Mr. Bradley said he would also raise Federal spending on Head Start, the preschool program for low-income children, to $8.7 billion a year, which would be enough, he asserted, to reach every eligible child. And he would spend $1.3 billion a year to help pay off the student loans of 50,000 college graduates who agree to teach in low-income areas.
Like his call for making health insurance available to virtually all Americans, Mr. Bradley’s poverty proposals offered a somewhat more expansive vision for government than had been proposed by Mr. Gore. As such, Mr. Bradley’s proposals provided further evidence of his efforts to win over his party’s liberal wing, a large, vociferous and energetic faction that often dominates primary elections.
The Vice President announced his own antipoverty program on Wednesday, calling for increasing the minimum wage, cracking down on parents who do not make child support payments and making the earned income tax credit available to more families. In the past, Mr. Gore has also called for universal pre-kindergarten programs and for financing scholarships for 10,000 new teachers.
Yesterday, Mr. Gore’s aides said Mr. Bradley had done little to advance the Vice President’s ideas.
”It turns out Senator Bradley’s big ideas are Gore ideas,” said Kiki Moore, Mr. Gore’s campaign spokeswoman.
But Lawrence Aber, director of the National Center for Children in Poverty at Columbia University, said he considered it significant that Mr. Bradley had set clear goals for reducing poverty.
”I can’t point to a Presidential candidate in 30 years who has said, ‘Let’s reduce poverty by this amount,’ ” said Mr. Aber, who attended Mr. Bradley’s speech yesterday but is not supporting any Presidential candidate. ”Gore has not put himself in that position yet.”
But Susan Eckerly, the chief Senate lobbyist for the National Federation of Independent Businesses, which represents 600,000 small-business owners, said Mr. Bradley’s minimum wage proposal would do little to help the poor because most of the 12 million people earning the minimum wage are teen-agers living at home or single adults. She added that increasing the minimum wage discouraged small companies from hiring young people.
”This is a very blunt instrument to use to get at child poverty,” Ms. Eckerly said.

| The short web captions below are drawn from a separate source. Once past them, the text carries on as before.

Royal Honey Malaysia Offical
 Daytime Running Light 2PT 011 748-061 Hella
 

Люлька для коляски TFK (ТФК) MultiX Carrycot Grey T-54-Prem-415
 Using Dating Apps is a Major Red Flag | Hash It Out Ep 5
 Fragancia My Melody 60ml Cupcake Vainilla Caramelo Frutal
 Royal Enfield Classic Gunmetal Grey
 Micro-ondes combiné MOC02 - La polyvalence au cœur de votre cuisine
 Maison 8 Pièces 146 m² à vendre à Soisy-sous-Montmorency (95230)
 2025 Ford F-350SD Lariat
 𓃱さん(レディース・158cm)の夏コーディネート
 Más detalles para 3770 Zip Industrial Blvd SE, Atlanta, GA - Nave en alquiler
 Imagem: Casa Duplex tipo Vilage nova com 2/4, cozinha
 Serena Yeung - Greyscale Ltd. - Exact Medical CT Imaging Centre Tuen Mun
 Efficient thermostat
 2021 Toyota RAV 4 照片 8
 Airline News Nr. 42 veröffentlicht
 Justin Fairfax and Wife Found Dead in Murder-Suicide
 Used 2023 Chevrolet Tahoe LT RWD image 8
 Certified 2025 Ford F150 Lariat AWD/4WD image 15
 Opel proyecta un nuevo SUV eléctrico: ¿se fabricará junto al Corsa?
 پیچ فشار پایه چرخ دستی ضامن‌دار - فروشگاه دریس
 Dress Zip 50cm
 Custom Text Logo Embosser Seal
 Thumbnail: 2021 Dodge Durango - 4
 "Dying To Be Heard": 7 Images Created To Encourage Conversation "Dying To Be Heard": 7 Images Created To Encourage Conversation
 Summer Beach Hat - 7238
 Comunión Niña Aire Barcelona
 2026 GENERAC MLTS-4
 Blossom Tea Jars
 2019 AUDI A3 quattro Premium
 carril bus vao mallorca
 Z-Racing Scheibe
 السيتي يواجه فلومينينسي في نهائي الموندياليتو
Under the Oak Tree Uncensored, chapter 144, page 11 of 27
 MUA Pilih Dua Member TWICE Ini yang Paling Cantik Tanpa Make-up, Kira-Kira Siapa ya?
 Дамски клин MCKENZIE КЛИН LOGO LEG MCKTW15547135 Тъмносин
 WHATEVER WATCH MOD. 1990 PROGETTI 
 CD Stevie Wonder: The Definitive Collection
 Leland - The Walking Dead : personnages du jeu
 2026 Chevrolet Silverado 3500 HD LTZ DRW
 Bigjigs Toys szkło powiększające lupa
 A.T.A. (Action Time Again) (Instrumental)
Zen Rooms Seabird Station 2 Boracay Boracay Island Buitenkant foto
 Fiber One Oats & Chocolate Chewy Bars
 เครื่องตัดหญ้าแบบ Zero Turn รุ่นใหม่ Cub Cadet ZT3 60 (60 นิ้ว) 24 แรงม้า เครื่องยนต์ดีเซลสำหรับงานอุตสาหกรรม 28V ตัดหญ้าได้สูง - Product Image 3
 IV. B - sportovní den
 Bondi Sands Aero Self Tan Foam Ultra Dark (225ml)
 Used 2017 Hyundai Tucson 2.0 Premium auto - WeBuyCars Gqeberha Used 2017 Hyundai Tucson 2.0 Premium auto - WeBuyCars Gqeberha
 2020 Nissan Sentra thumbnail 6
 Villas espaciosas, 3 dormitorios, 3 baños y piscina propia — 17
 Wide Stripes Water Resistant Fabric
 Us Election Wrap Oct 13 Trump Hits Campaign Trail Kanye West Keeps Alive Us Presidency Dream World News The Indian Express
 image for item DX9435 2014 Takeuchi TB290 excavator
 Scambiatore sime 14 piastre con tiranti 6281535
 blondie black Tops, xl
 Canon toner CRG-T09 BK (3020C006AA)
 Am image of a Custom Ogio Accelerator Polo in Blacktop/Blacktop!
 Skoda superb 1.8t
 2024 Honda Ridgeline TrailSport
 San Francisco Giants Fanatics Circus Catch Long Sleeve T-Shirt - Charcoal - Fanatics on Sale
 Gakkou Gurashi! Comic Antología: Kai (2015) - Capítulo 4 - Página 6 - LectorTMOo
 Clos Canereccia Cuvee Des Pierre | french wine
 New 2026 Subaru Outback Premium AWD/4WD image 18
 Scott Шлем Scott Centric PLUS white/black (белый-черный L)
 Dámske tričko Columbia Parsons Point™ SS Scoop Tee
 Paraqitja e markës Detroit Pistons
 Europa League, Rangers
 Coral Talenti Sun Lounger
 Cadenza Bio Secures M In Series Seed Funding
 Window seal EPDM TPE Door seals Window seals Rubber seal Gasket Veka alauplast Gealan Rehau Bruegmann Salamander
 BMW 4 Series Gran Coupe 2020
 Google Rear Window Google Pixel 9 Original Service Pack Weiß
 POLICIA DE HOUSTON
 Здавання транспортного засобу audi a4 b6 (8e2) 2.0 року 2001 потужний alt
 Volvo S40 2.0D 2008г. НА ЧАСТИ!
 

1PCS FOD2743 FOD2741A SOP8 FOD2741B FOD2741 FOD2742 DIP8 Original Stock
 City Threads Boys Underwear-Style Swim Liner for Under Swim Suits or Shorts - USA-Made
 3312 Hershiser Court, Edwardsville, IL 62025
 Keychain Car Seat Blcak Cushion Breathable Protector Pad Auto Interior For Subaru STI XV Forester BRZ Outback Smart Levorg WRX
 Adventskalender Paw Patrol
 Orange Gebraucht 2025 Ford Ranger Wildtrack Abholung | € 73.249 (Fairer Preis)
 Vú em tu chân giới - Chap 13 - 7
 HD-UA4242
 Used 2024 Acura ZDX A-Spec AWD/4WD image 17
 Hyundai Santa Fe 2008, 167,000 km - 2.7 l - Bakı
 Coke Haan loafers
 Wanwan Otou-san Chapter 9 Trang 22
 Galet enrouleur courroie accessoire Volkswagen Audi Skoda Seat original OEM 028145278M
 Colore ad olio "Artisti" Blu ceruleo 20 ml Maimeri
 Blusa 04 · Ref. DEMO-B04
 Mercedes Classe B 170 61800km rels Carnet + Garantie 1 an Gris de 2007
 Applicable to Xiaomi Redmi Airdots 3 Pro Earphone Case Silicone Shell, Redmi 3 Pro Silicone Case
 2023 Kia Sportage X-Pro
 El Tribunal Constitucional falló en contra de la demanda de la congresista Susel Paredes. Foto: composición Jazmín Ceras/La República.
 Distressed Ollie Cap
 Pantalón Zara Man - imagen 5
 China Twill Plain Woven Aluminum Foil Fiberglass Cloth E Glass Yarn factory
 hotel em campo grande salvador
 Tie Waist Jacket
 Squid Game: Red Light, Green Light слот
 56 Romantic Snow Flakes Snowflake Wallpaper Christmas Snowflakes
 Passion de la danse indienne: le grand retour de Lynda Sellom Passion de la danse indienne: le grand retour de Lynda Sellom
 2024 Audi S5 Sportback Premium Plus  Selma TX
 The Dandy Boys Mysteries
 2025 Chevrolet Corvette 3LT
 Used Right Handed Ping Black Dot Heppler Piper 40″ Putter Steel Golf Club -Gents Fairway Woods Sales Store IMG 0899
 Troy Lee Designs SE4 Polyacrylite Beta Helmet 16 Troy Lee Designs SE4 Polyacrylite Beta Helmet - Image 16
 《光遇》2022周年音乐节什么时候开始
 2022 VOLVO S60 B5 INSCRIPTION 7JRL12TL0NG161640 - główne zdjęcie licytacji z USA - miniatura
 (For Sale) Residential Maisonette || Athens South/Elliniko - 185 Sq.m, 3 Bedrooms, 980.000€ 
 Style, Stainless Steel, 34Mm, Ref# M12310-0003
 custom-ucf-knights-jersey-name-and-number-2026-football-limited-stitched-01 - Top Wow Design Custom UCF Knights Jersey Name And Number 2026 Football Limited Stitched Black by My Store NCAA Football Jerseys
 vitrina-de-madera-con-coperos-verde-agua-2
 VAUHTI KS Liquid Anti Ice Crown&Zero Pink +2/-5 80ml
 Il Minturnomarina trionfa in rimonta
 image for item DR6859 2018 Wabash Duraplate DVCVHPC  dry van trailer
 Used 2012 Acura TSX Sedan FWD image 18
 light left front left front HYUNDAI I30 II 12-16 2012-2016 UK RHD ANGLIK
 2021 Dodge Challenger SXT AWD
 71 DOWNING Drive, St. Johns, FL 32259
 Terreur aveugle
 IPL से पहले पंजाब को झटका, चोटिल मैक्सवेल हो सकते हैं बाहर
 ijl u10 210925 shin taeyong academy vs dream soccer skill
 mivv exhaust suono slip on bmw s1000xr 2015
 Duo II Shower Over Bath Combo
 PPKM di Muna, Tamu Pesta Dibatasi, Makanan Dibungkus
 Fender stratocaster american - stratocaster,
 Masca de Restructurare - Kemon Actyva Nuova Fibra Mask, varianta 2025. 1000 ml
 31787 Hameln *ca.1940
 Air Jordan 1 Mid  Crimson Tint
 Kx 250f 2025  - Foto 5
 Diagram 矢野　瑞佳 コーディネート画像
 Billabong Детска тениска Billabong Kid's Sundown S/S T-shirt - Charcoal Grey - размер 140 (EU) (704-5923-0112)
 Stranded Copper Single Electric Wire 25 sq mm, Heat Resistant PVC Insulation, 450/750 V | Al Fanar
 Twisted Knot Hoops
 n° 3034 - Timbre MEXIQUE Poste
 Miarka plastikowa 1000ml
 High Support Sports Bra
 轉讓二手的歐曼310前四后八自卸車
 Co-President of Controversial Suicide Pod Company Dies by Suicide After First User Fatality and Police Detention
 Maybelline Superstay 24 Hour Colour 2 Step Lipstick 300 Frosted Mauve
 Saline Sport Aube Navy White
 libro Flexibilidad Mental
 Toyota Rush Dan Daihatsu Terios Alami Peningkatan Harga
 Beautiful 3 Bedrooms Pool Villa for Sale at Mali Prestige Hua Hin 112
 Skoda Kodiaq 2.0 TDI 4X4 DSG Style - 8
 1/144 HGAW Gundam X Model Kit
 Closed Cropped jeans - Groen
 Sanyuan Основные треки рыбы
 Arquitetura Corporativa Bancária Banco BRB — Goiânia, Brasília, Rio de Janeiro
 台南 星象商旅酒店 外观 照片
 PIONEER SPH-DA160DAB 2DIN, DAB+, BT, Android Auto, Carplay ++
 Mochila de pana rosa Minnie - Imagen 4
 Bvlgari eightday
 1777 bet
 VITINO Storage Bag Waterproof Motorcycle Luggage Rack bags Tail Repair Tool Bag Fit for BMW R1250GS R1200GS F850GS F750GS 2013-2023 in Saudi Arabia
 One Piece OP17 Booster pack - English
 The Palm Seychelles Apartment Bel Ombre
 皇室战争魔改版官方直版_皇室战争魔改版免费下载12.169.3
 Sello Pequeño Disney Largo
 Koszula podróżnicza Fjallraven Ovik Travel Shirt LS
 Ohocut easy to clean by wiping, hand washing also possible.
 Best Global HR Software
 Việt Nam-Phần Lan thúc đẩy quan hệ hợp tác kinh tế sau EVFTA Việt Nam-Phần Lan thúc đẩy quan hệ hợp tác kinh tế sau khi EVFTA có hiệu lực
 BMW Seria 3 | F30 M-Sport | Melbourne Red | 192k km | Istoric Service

Mr. Bradley’s aides said his minimum wage and tax proposals would typically increase the incomes of working-poor families by $2,000 to $3,000 a year. Poverty is defined as earning less than $16,400 a year for a family of four.
Authorities on poverty said the most important element of Mr. Bradley’s plan was his proposal to expand the earned-income tax credit, which is intended to encourage poor parents to work. Under current policy, a refundable credit of up to $3,816 a year is given to families with two or more children. The credit is gradually phased out for families earning $12,400 to $30,580 a year.
Mr. Bradley would give larger families more money: $4,500 a year for families with three or more children. He would also phase out the credit at a slower rate, so that families earning higher incomes could keep more of it. And he would eliminate a glitch in the policy that reduces the credit for married couples filing joint tax returns.
Among other elements of Mr. Bradley’s plan are these:
*An increase in Federal subsidies for day care by $1 billion a year, enough to provide care for an additional 420,000 low-income children.
*A proposal to make an existing tax credit for child care expenses refundable, so that low-income families with no tax liabilities would receive Government checks to cover their costs for day care and other family expenses.
*A program to create 2,000 community centers, at a cost of $1 billion a year, to provide after-school services and activities for latch-key children.
Mr. Bradley also said he would spend $300 million a year to create 550 group homes for poor teen-age girls during their pregnancies and for one year after childbirth.